In these talks there was, as best I recall, no alternate model,
no statement about what the relationship between the two distance
matrices should look like (i.e. how that relation between the
two distance matrices should have arisen) had the
permutation test given a small p-value
for the null, and also no suggested parameterization of that relationship
that reduced the data summary to a possible explanatory mechanism
such as a diffusion. Just as well, then, that the null was
hardly ever rejected. Had it been, the presenters would
have been at a loss as to what to say or do next.
By comparison, the diffusion approach is not really a
null-hypothesis test. The hypothesis -- diffusion -- is known in
advance to be true. The task is instead the estimation of a
coefficient, namely, an
expected increment in mean squared distance per unit elapsed
time, or the equivalent in other domains.
This is not a correlation of two "distances," then,
but the calibration of a sophisticated univariate regression
model. Please note that diffusion models and other random-walk models
have no equivalent either for the mean or for the covariance
structures that we use in garden-variety multivariate
biometrics. The formalisms deal with other kinds of
stochastics entirely, and there isn't much interoperability
between them. The Procrustes method, for instance, presumes
a mean form. That is reason enough not to put realistic diffusions on
top of it -- in reality diffusions don't have means, and
not velocities (vectors) but only speeds.
2. By virtue of the interconvertibility of Procrustes distance
with principal coordinates, we have useful parametric alternative
models from geometric morphometrics that permit proper statements of
one actual hypothesis-testing context here, along with a much more
powerful test whenever population values of things like
means and covariances can be assumed to exist.
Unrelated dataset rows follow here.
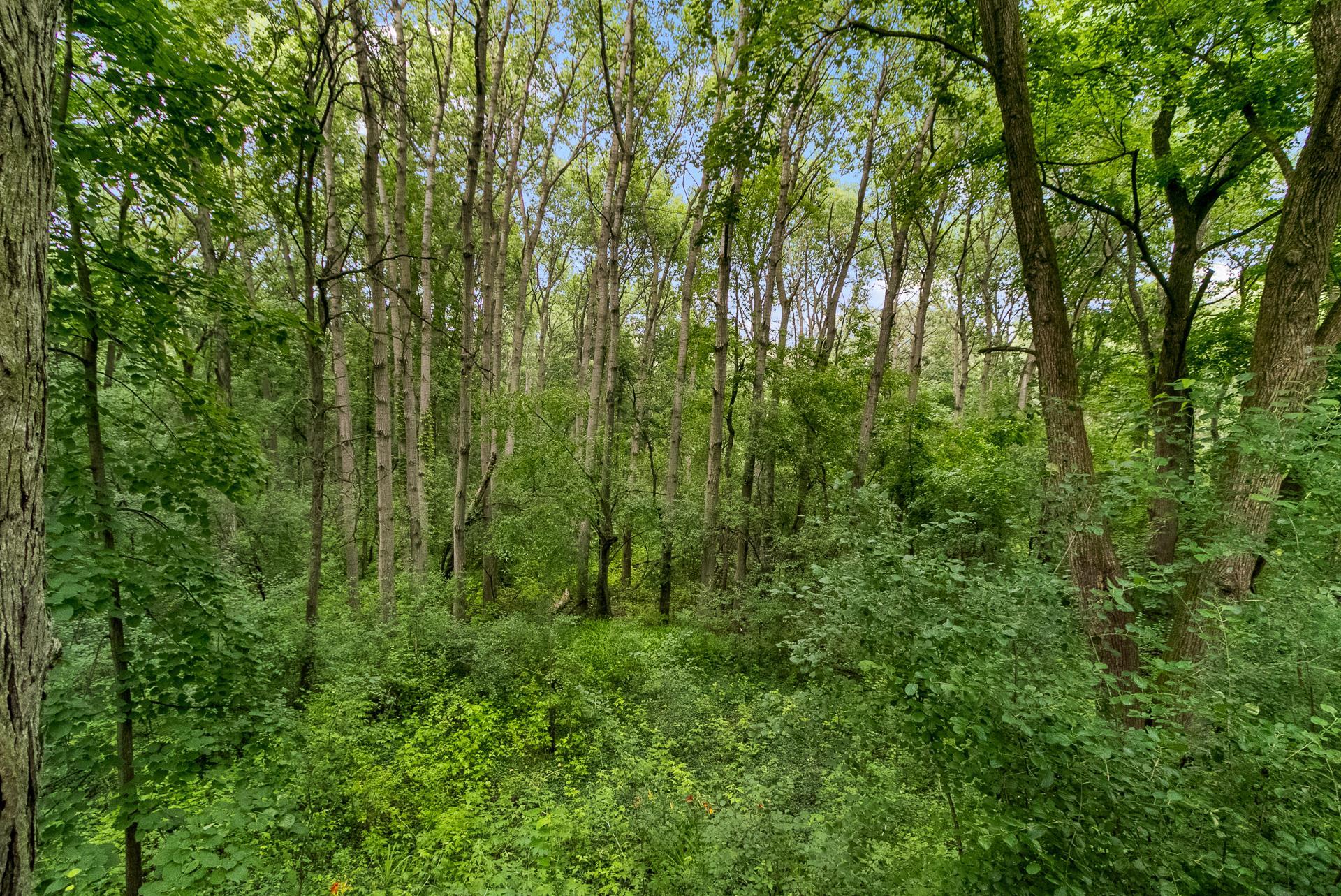 8414 N Bowers Lake Road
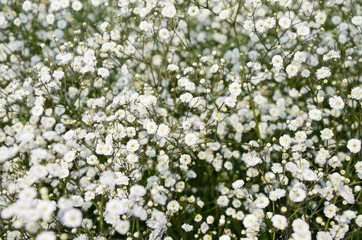 Gypsophila paniculata flower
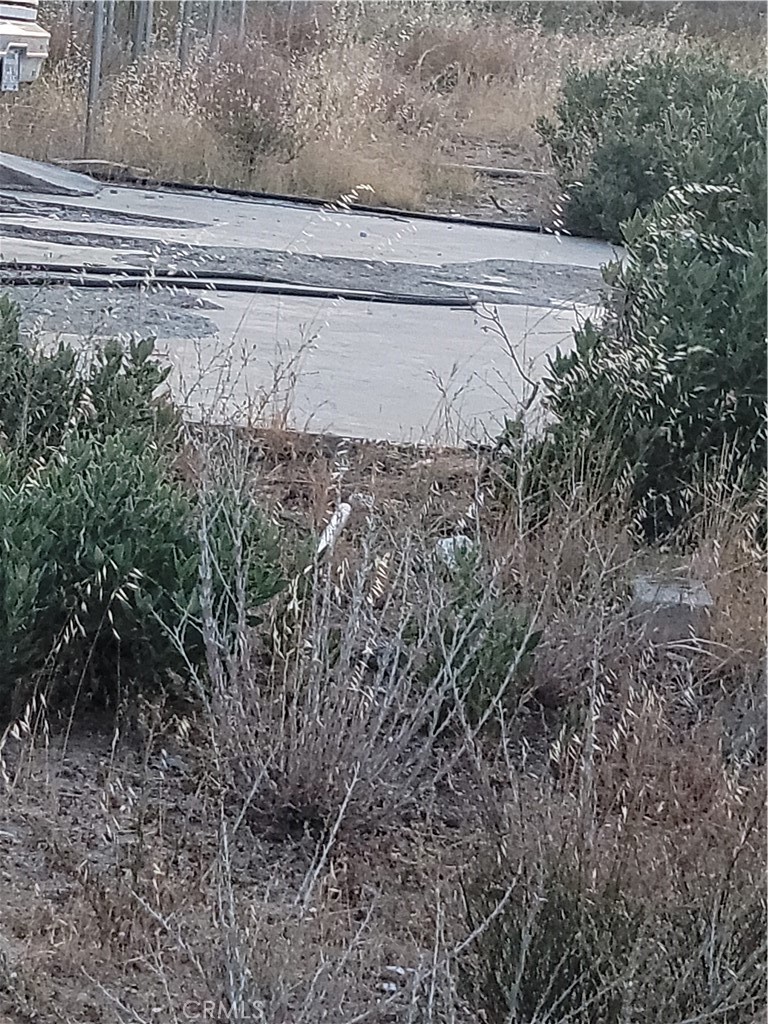 MLS #IV25196430 image #11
Assuming that at least one distance matrix for the Mantel test is
a Procrustes distance matrix, we convert it to the vectors of
shape coordinates that express the same information. (See my comment
on that Theobald article, posted to this news group a few weeks ago.)
Then there
are two cases, as the second matrix is or is not similarly
convertible to principal coordinates in a similarly meaningful way.
(2a) Both distances arise from coordinates.
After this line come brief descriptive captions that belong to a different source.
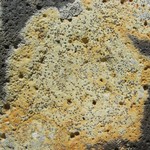 Porpidia ochrolemma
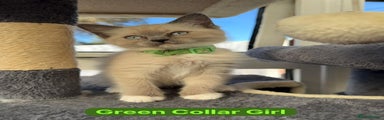 Green Collar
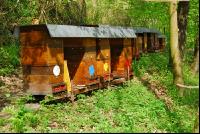 Bienenstöcke Wald 1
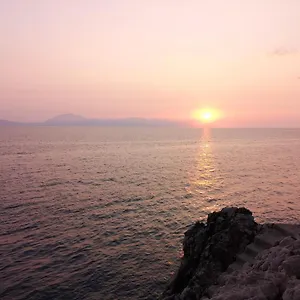 L'agapanto Terrasini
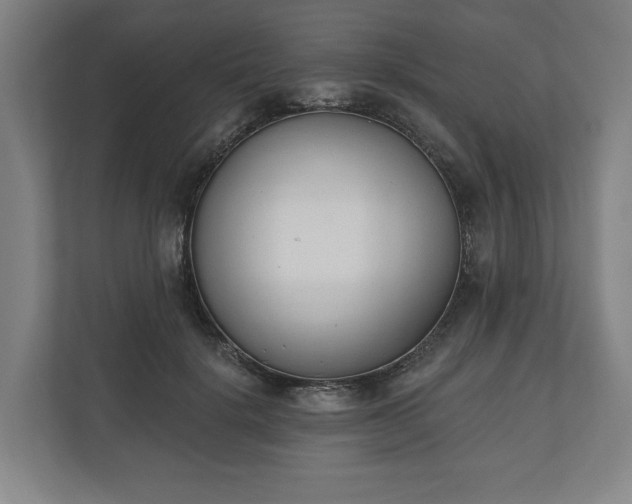 X0000110740652200906221029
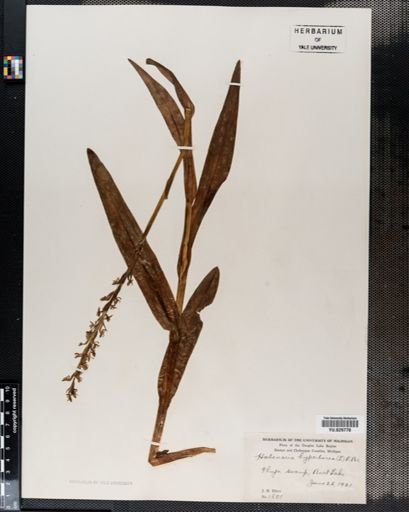 Habenaria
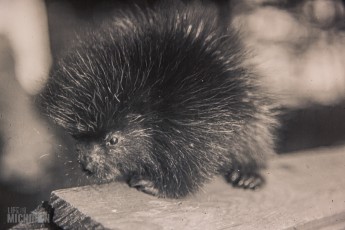 MarquetteRegionalHistoryCenter-HappyHour-2023-61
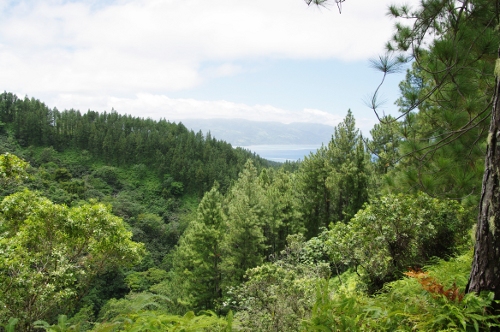 montagne, végétation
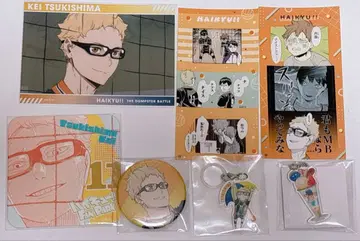 하이큐 팬파크 코스터 캔뱃지 엄브렐라 참 츠키시마 케이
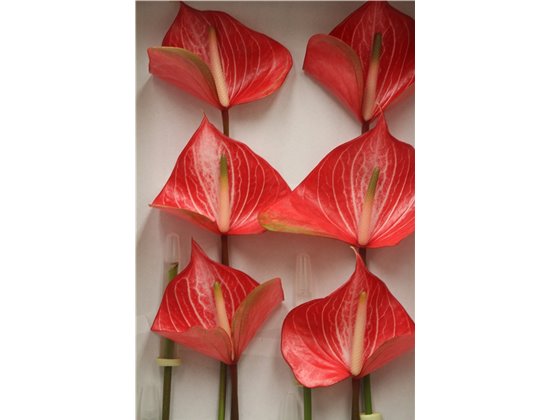 Anthurium A Caldonia c122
The obvious multivariate set-up is that of a multivariate
Gaussian relationship on the underlying coordinates X, Y.
The simplest alternate hypothesis to the Mantel null is then
a nonzero covariance matrix C between X and Y. For the simplest pedagogy,
assume that this covariance is carried by only one
of the X-coordinates vis-a-vis only one of the Y-coordinates, and
that the X's and Y's are spherical separately. Then the
covariance matrix of the concatenated data vector (X | Y)
takes the form
e 0 0 ... 0
I 0 0 0 ... 0
...
\Sigma = 0 0 0 ... 0 (**)
e 0 ... 0
0 0 ... 0
... I
0 0 ... 0
and we can learn a lot by simulating various tests on
data drawn from this distribution for various values of e.
(As I noted in my comment to Theobald, it doesn't matter
what the mean of the distribution is -- in morphometrics,
we hardly ever care.) This model is the model of
canonical correlations between the blocks with only one
nonzero canonical correlation.
I spent a pleasant weekend drawing samples of
100, over and over, from this distribution, and looking
at various test statistics for hypotheses about e.
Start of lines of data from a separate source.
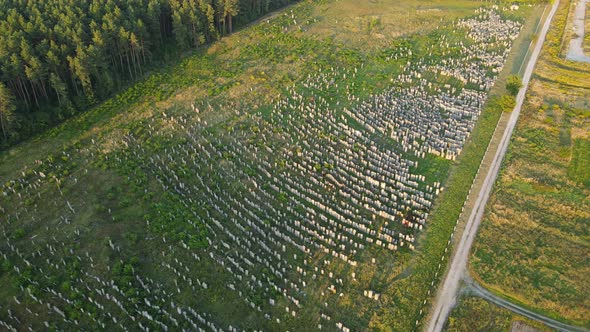 Aerial Shot City Brody. Jewish Cemetery. Ukraine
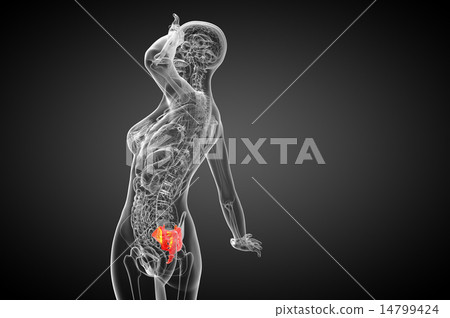 3d render medical illustration of the sacrum bone 14799424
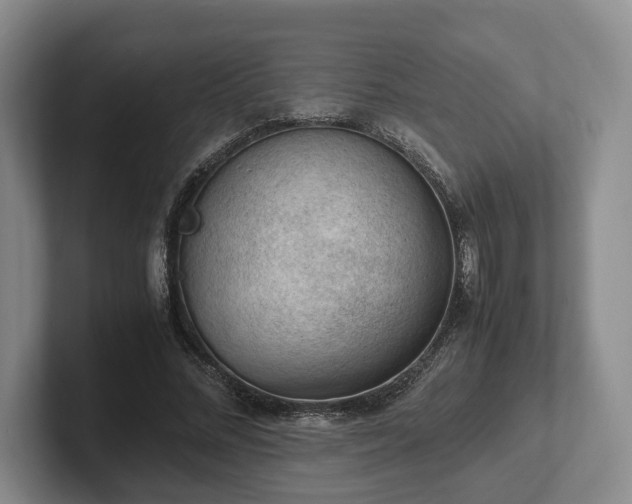 X0000102390684200808081228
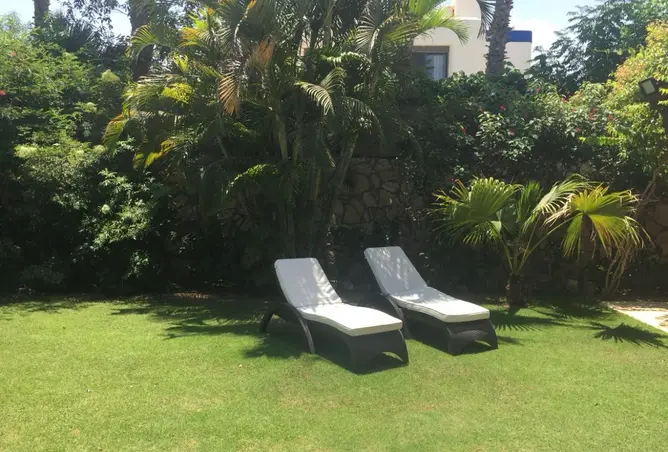 118797289 - Property Image 3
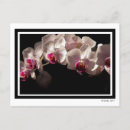Search for black and white pink postcards Nature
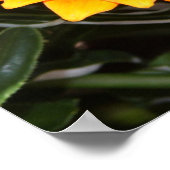 Orange Brilliant Poster (Ecke)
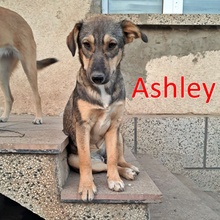 ASHLEY, Hund, Mischlingshund in Bulgarien - Bild 1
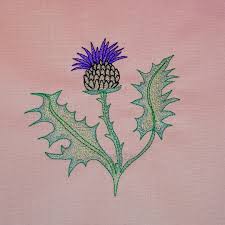 The pieces pictured here are thought to have been parts of a court gown. Thistle Head Flower Embroidery Design 3 Sizes Designs22u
In my set-up, there were six coordinates in X, as
there might be for shape coordinates on five landmarks
in 2D, and three coordinates in Y, as for size-shape
space of a triangle or for latitude, longitude,
altitude of a geographical ecophenotypy study.
The single dimension of the X-block in the first
shape coordinate slot could be, say, the vertical uniform component
of those shape coordinates. That for the Y's could be log
Centroid Size (from Procrustes form
space for a triangle) or perhaps a linear combination
of geographical coordinates in the ecophenotypy version.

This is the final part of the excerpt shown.